Jeff Kent, who played second base for the Los Angeles Dodgers this season, has stepped into the emotional world of same-sex marriage, giving $15,000 to backers of the California proposition on Tuesday's ballot that would ban it.

In a disclosure filed with the California secretary of state, Kent listed his occupation as professional baseball player for the Dodgers and his address as Austin, Texas. He gave the $15,000 in a transaction dated Monday but which only now is public.Jeff_kent

Proposition 8 would ban same-sex marriage by imposing a California constitutional amendment that would define marriage as being between one man and one woman.

With both sides spending upward of $30 million each, the measure has become the most costly ballot measure ever dealing with a social issue, and the spending is by far the most for any proposition anywhere in the country this year.

Kent, a free agent who is considering retiring, is a potential Hall of Famer who is best known for his years with the San Francisco Giants.

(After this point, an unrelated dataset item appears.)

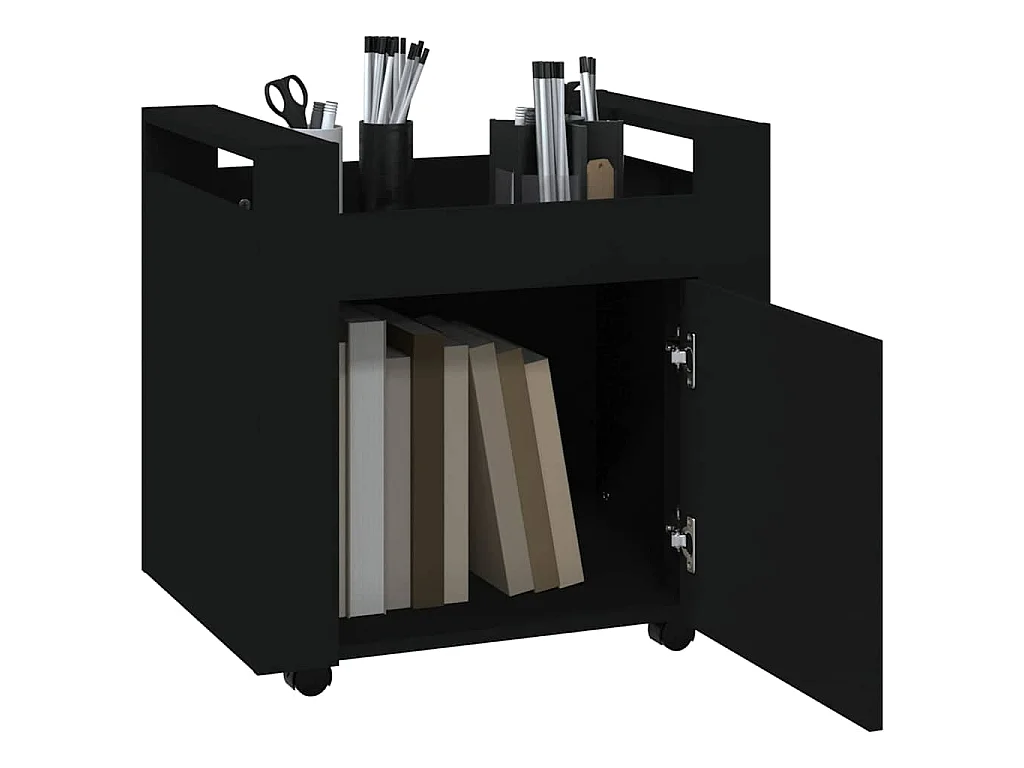 Chariot de bureau Noir 60x45x60 cm Bois d'ingénierie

A Bellflower native, Kent also played baseball at University of California, Berkeley.

A review of campaign records shows no other donations to federal or California state campaigns by Kent.

Frank Schubert, managing the Yes-on-8 campaign, said he was unaware that Kent had weighed in.

"He has had a stellar career and will no doubt one day be inducted into the Baseball Hall of Fame," Schubert said. "I wish the Giants had kept Kent and traded [Barry] Bonds."

--Dan Morain

 
Comments () | Archives (51)

The comments to this entry are closed.

I live in the UK and we have gay marriage over here. (of a sort, we call it a civil partnership) For that to happen the definition of marriage did not change, Heterosexual couples did not suddenly find their marriages undermined or threatened. Homosexual people were able at last to declare their love for each other and build stronger families and homes.

As far a section 8 goes i see nothing wrong with allowing same sex couples the right to marry. It does not change the fundamental principles or marriage becuase in my understanding (as a christian and also a lesbian) marriage is about promising to love and be faithful to somebody for the rest of your life. Gender has nothing to do with that promise.

To vote yes on Section 8 is cowardly, ignorant and prejudiced.

VOTE NO ON SECTION 8 (trust me it wont hurt! )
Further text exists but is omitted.